Ilensay

Ilensay
(by Vikkie)

Sunday, 4 July 2010

After the vanishing act

So off to Glastonbury with my morbid moods, I had to write this when I got back, having no internet access on the lam, so forgive me for adding some dramatic detail.
The journey takes an age and I wait it out, staring at the rain washed windows of various trains and busses whilst ignoring the passengers. I drink vending machine tea, which tastes dead to me after weeks of the home brewed, copper kettle variety. I munch on a few miniature packets of biscuits, feeling the food bunch in my stomach like wet sand. After only a short time I have become acclimatised to life on an island in a period before electricity, now it’s hard taking trains seriously.
I am the only passenger to disembark in Glastonbury, and the street is otherwise empty, a residential street. I walk for ages trying to find the shops, but discover only rows of houses and gardens. Eventually I stop at a corner shop and buy a newspaper as cover for asking directions. I follow these and eventually go through an improbable gap between some houses. There the street dead ends in a neat square of grass with a droopy birch, bordered solidly on all sides by houses. One of the houses however is not a house, but the back of a shop with a huge arch, like an underpass, through which I go. Stretching out on either side of me is the high street, with it’s colourfully fronted shops and little cobbled recesses leading to restaurants.
I wander around for a while, going in and out of shops full of glittering touristy rubbish and others selling the paraphernalia of the serious witch. The scent of handmade incense clings to me as I walk the open street, the smell of ground resin and singed herbs which reminds me of home. I run my hands over racks of thick coloured candles without interest and sift polished gemstones from hand to hand. But there’s nothing to really grab me, I feel as if I’m not entirely present, as if my real body is still on the island being shouted and gawped at.
I decide to stop somewhere for some dinner, and then check into a bed and breakfast or something. The restaurant I eventually choose is a dusky blue with hanging canopies of translucent fabric. I sit alone at an indigo draped table, eating a kind of Moroccan thing with apricots and couscous. The candle on the table burns down to its cheap glass holder and goes out. I still feel separate, as if none of these things are real. Already I want to return to the island, to get on with my real life. But I stubbornly seek out a hotel for the evening, one of the chain motorway ones with cream walls and green carpets in every room. I know that, despite my longing to return, once I do go home I will feel that same as I did before I left, ashamed, lonely and miserable.
I turn on the television as soon as I get to my room, skipping through the channels until I settle on a film that seems vaguely familiar. Flipping off the glaring fluorescents, I crawl underneath the green duvet and manage to keep my eyes open for another hour before succumbing to sleep.
I wake up the next morning and for a few awful seconds forget where I am. The television is still on, the sounds of a news broadcast filtering into the humid air. I struggle upright just as a knock comes at the door. I retrieve the breakfast that I ordered yesterday. A plastic bottle of orange juice and a plate of uniformly produced lukewarm pancakes clotted with too much syrup. As I settle myself into bed to pick at my oozing meal, I prod the remote and the faint voice of the presenter becomes audible.
Just as a preface to this – I didn’t believe it either, I still can’t.
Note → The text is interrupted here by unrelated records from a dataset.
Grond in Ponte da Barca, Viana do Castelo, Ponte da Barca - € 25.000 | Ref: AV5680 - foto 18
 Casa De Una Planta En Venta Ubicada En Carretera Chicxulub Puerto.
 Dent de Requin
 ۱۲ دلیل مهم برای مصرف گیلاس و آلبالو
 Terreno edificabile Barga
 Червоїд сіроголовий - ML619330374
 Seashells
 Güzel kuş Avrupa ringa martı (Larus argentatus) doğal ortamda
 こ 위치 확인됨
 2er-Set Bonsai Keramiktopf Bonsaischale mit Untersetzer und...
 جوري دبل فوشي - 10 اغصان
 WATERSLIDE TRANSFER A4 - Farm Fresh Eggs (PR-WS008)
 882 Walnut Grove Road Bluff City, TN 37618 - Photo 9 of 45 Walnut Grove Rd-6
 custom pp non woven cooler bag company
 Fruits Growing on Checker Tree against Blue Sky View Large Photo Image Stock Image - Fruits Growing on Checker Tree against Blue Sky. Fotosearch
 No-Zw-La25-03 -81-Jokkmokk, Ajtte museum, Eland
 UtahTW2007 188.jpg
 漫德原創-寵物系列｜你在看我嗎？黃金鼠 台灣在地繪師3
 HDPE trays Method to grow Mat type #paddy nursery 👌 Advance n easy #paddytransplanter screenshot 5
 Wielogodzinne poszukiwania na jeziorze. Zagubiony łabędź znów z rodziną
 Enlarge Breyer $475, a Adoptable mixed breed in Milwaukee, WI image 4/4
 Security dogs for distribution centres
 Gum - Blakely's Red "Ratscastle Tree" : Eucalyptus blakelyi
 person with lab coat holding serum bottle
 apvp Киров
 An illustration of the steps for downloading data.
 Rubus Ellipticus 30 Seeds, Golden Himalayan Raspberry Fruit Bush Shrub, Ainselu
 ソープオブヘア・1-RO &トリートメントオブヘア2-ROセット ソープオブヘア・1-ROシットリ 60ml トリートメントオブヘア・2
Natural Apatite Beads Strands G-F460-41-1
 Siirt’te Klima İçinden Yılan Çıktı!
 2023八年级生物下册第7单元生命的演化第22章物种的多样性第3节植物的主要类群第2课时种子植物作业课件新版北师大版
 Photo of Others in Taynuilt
“....Following the dredging there has been no sign of any remains, but the police statement implies that none are expected given the devastating weather conditions.”
Nothing to cheer you up like a little death with your breakfast, I twist the cap from my juice irritably. Why is there never any good news in the morning? It’s always doom and death and economic downturns.
“....Locals report that the victim had been behaving erratically and seemed unhappy, at this point suicide has not been ruled out”
Well that’s bloody typical. So you’re not leaping around with a basket full of cookies and a herd of tiny bunnies, therefore automatically it’s your own fault if something bad happens to you.
“.....It seems that the missing woman had been behaving strangely for some time, now we go live to a close friend of the woman in question.”
Wheeling out a grieving friend or relative to raise the ratings, it says a lot that I’m not surprised by this. Any further thoughts are cut off when the screen changes to show an image of Vikkie, standing in my garden on the island looking drenched and tearful beneath the presenter’s umbrella.
A cold wave of shock makes every hair on the back of my neck stand on end. They think I’m dead. Dead. It’s surreal to be sitting in the unfamiliar room watching a report on my own suspected suicide, almost as if I really am dead and this is a bizarre afterlife. Maybe it really is and....no, stop, I’m alive.
Vikkie is still being interviewed and I watch because I can’t think of anything else to do. Then a horrible thought occurs to me, my parents will have seen this. Setting aside the fact that they are probably upset, understandably so given my sudden death, they will be furious when they realise that I am not dead, but am in fact a liar and a dropout. I know that at some point it will all have to come out, I have to tell someone that it was a mistake.
I dig my phone out for beneath all the clothes in my bag, flip it open and scroll down a list of numbers. I can’t decide who to call first, my parents will be furious, which puts me off phoning them straight away, but Vikkie is still on camera which makes me reluctant to call her and give the reporters a real story.
At the bottom of the list of numbers are the contact details for Daniel Shield. Arthur, I realise, might be down there, on the beach, watching as they dredge up my sodden clothes and thinking....what? The truth is I have no idea, is he relieved that it’s all over, that his embarrassing lapse of judgement so neatly tidied itself away? Or does he feel sad, guilty, remorseful or horrified. I cannot face the last alternative, that he is simply indifferent, hardened against any concern for my welfare by my own stupid thoughtless actions.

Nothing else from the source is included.